Perhaps one of the most persistent myths about comedy (beaten only by “women aren’t funny”, and “I’ve got a good one for you”) is that humour is nationality-specific. The French only like Jerry Lewis, the Germans have no sense of humour, the rest of the world thinks Mr Bean is funny, Americans don’t understand irony. People can believe these myths in the face of all evidence to the contrary: if Americans don’t understand irony, how come they made The Simpsons, The Larry Sanders Show, Frasier, The West Wing, and everything else good on TV? And, perhaps more pertinently, if we’re so funny, how come the last sitcom created here that made me laugh was Black Books, which finished in April 2004?

As globalisation ensures that you can buy a Starbucks pretty much anywhere on earth, humour is travelling too. The 2007 if.comeddies award (a witlessly-named replacement for the prestigious Perrier, awarded on the final Saturday of the Edinburgh Fringe Festival) went to an Australian, Brendon Burns. The previous year, it was given to Phil Nichol, a Canadian. Even I, who view travelling with much the same enthusiasm that most people save for a trip to the dentist (which, conversely, I don’t mind at all), have started to gig abroad.

My first overseas gig was in Manhattan, which is a very cool place to start. But not particularly in comedy terms: the bottom fell out of the American stand-up world some years ago. Its demise was attributed to the rise in public access television. Actually, it was more down to the fact that American comedy clubs aren’t really designed for comedy – an inexplicable attachment to at-seat service means there are always waiters, drinks and food moving into your eye-line and the ordering process can be lengthy and noisome. Think how long it took Meg Ryan to order a sandwich in When Harry Met Sally, and then multiply that to a table of people. So American stand-ups tend to do short, repetitive sets, with little story-telling and few call-backs – they can’t use these techniques, because they know the chances are that people weren’t listening last time they mentioned anything.

I was lucky to be playing in a tiny theatre, instead of a comedy club. In London, the audience would have been nice, but shy. In New York, I discovered that you can ask a binary question, to which the only possible answers are yes, and no, and receive a third option: the rapturous round of applause. It’s like extra-yes. Whenever anyone is snide about American have-a-nice-day politeness, I remember that there are much worse things to be than polite.

The following year, I was booked to do a set in Berlin. They have an amazing cabaret circuit there – I went on after a pair of lesbian tap-dancers and before a contortionist in a lycra sailor suit. I opened with an apology for knowing no German – it was offered at my school, but I took Latin instead. Most places, that would get a small laugh – enough for them to see I was being self-deprecating and that I was conscious of the fact that it is kind of rude to turn up in a different country and not speak their language. But not in Berlin. In Berlin, I watched as a sell-out crowd of people nodded approvingly – they agreed that Latin had been the right choice. I mean, what if I’d become a lawyer? My parents, I was told afterwards by an earnest couple on the back row, must be very proud.
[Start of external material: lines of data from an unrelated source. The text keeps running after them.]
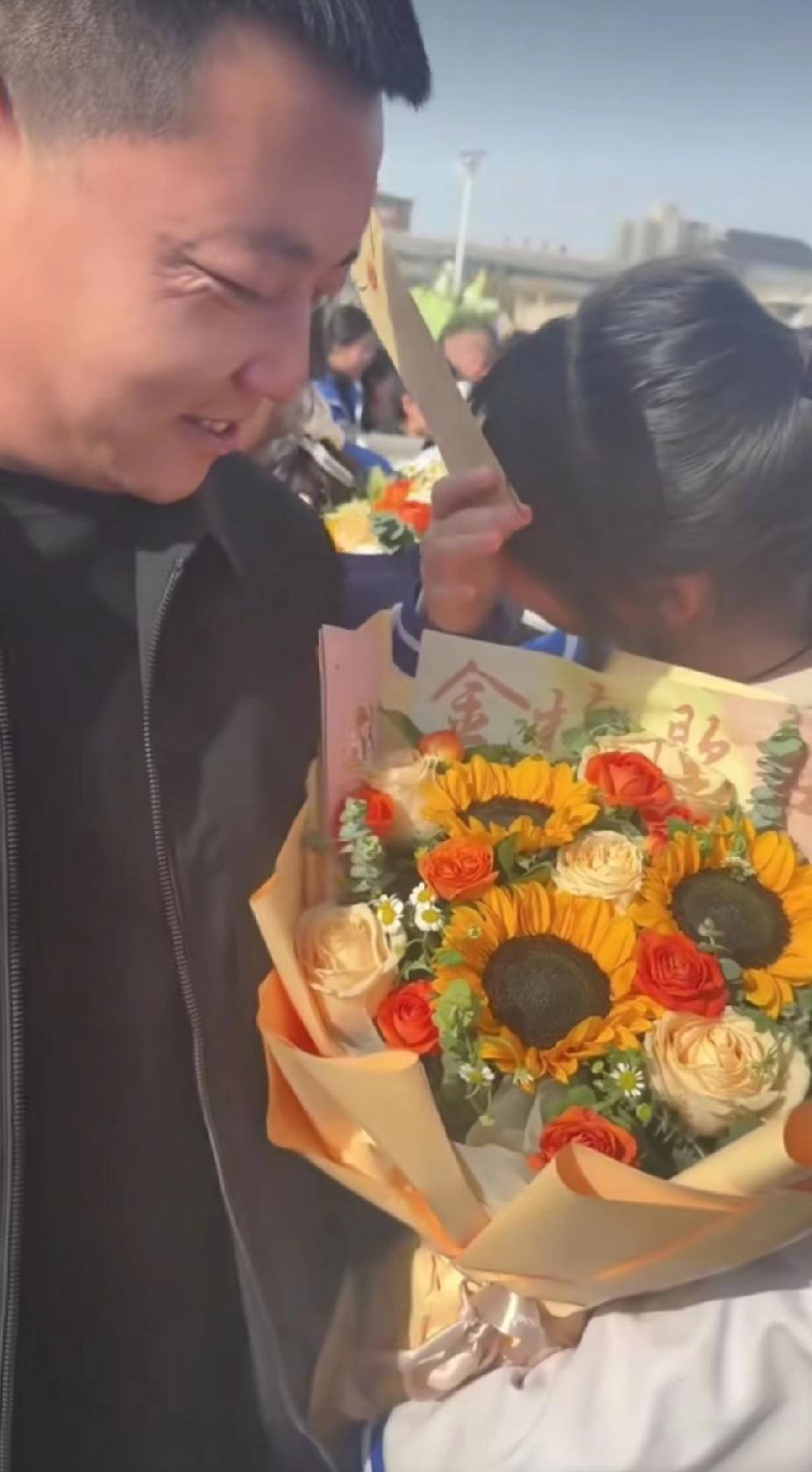 学校的高考百日誓师大会现场，一名男子突然抱着鲜花，出现在一个女孩眼前，让女孩瞬间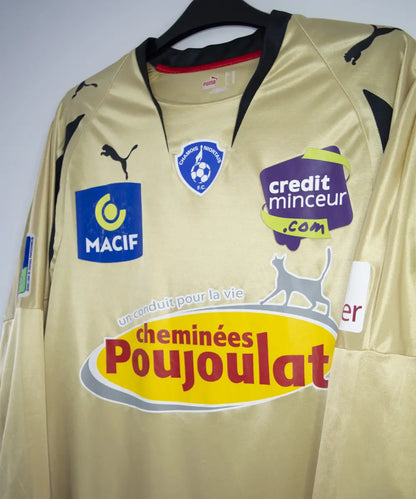 Maillot vintage extérieur doré de niort lors de la saison 2007-2008. On peut retrouver l'équipementier puma et le sponsor cheminées poujoula. Le maillot a été porté par Morisot lors d'un match en Ligue 2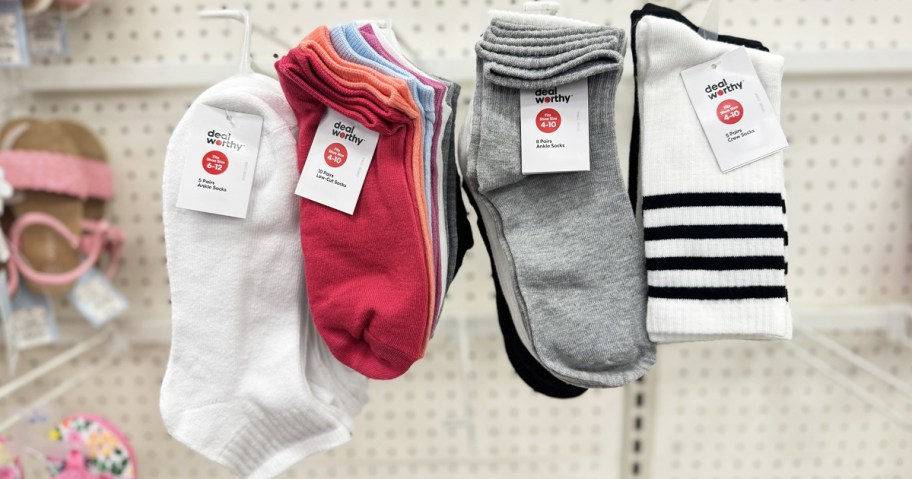 packs of women's socks on store display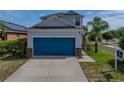 Attractive home featuring a blue garage door, stone accents, landscaping and well maintained lawn at 6222 Trent Creek Dr, Sun City Center, FL 33573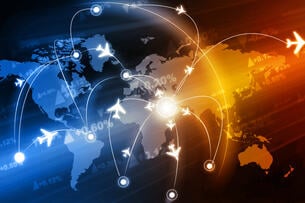 A dark world map lit up by bright icons of flights and jet paths, signifying global travel and interconnectedness.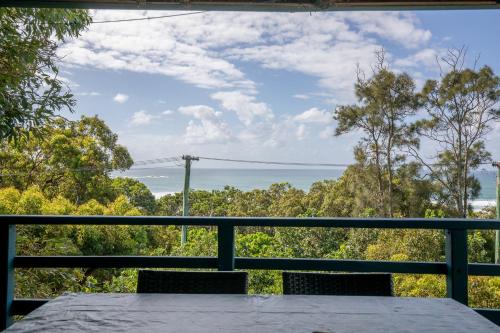 a view of the ocean from the porch of a house at Captain's Cove at Cylinder Beach in Point Lookout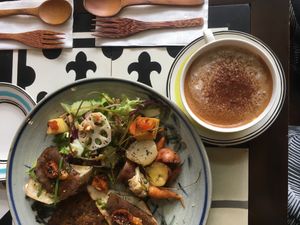 Brunch platter, latte at The Organik Kitchen Saigon in Ho Chi Minh City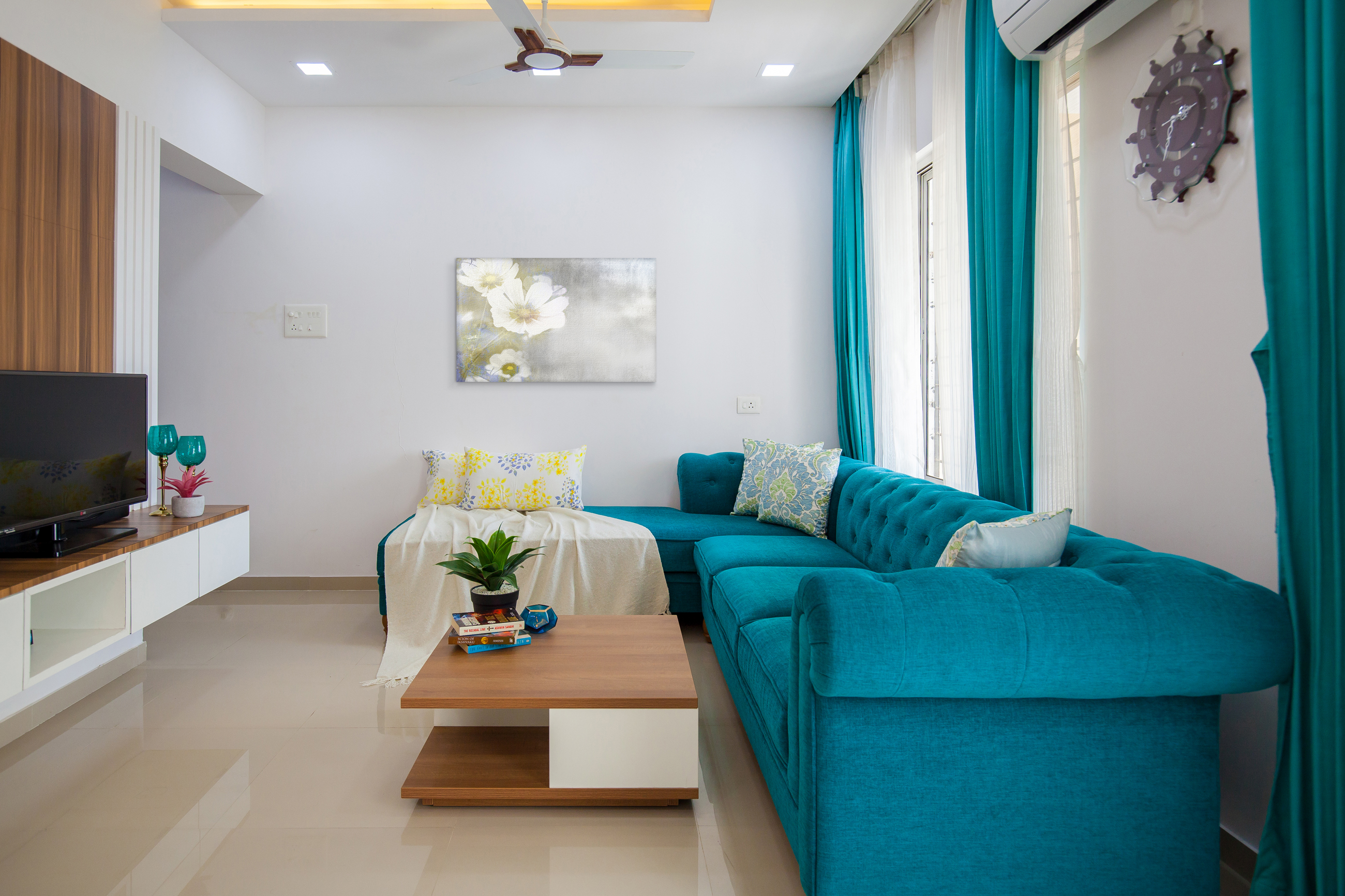 Bright Blue Toned Modern Style Spacious Living Room Design | Livspace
Last week, I went to gig in Luxembourg. The audience were incredibly cosmopolitan – Brits, Aussies, French, Belgian, Luxembourgish, and those are just the ones who spoke to me. It’s an odd city – full of people who work in high finance or for aid agencies. Like the place in Chitty Chitty Bang Bang, there are no children there. I asked them if they’d had them banned, and they laughed. But didn’t disagree. They were smart, fun and unshockable, which is pretty much the ideal audience for comedy. I had offers of more work in Chamonix and Belgium.
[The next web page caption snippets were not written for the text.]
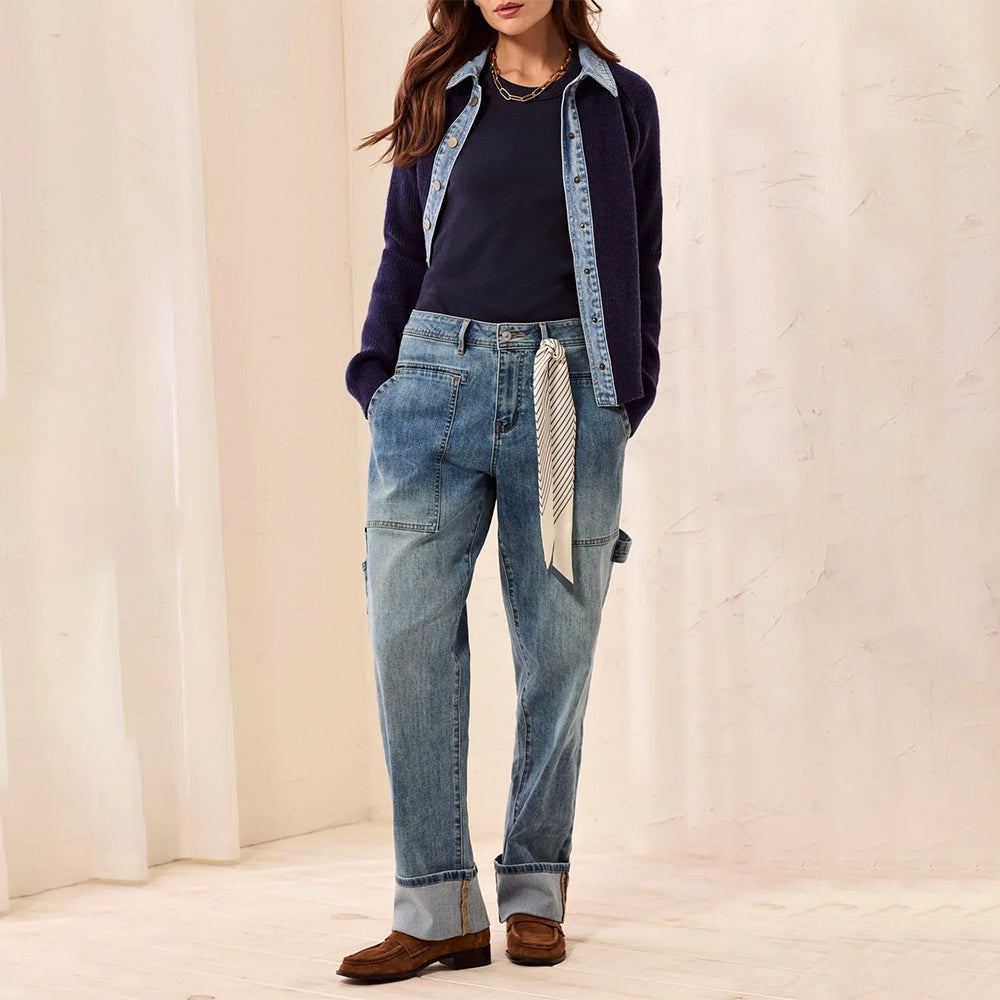 A model wearing light-wash blue straight-leg jeans with a rolled cuff, styled with a navy cardigan, dark top, and brown loafers, standing against a cream-colored textured wall.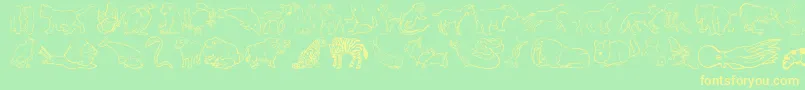 NinasAnimals Font – Yellow Fonts on Green Background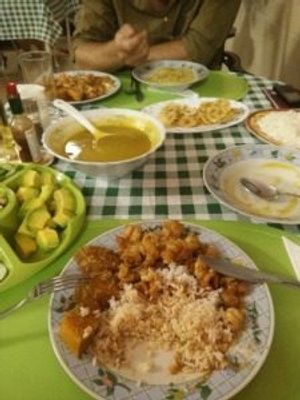 Tafel gedekt met meerdere borden eten zoals rijst, gefrituurde gerechten, avocado en soep op een groen-wit geruite tafel in Cuba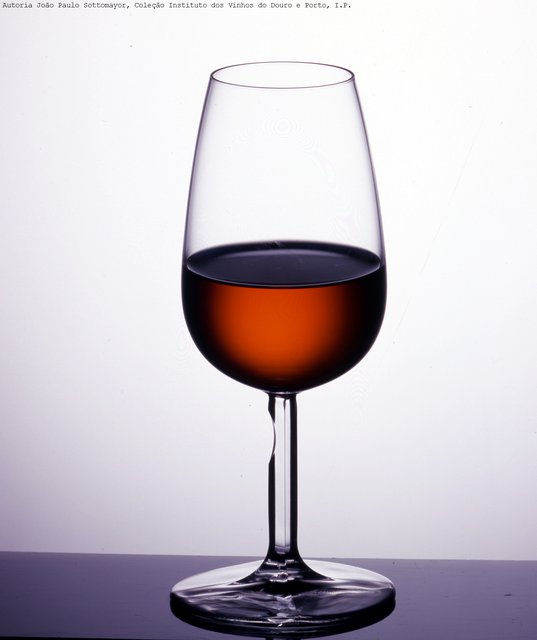Copo de Vinho do Porto de tonalidade acastanhada, sobre fundo cinzento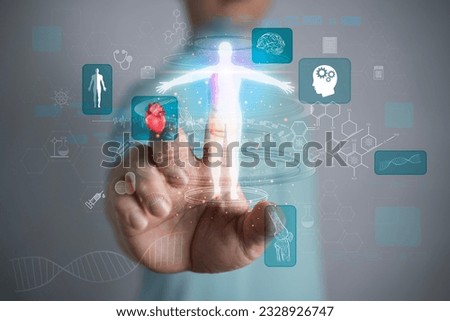 Man on blurred background using digital x-ray human body holographic scan projection 3D rendering. Doctor hand show a hologram of the patient on a blurred background. Royalty-Free Stock Photo #2328926747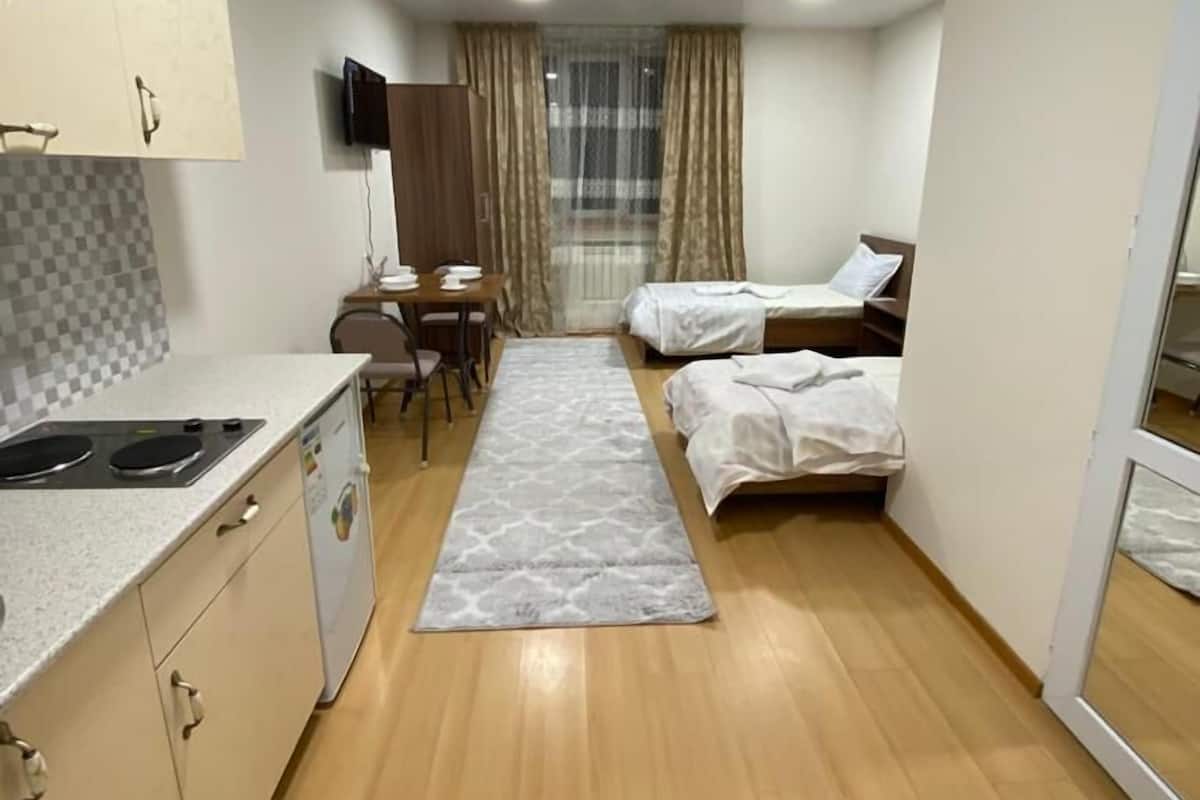 A compact hotel room with a kitchenette, a single bed, a small table, and a TV.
The one place I haven’t gigged is Holland, where there used to be a famous club in Amsterdam. A friend of mine was on the bill there once, when a German comic took to the stage. He was greeted with a frisson of hostility – Anne Frank’s house was pretty near there, and memories are long. He opened with, “Are there any Jews in the house?” In the appalled silence that followed, he waited, a quizzical expression on his face. “No?” he asked, baffled. “Well, what have you done with them?” I think he had to be escorted from the building. I guess comedy doesn’t always travel.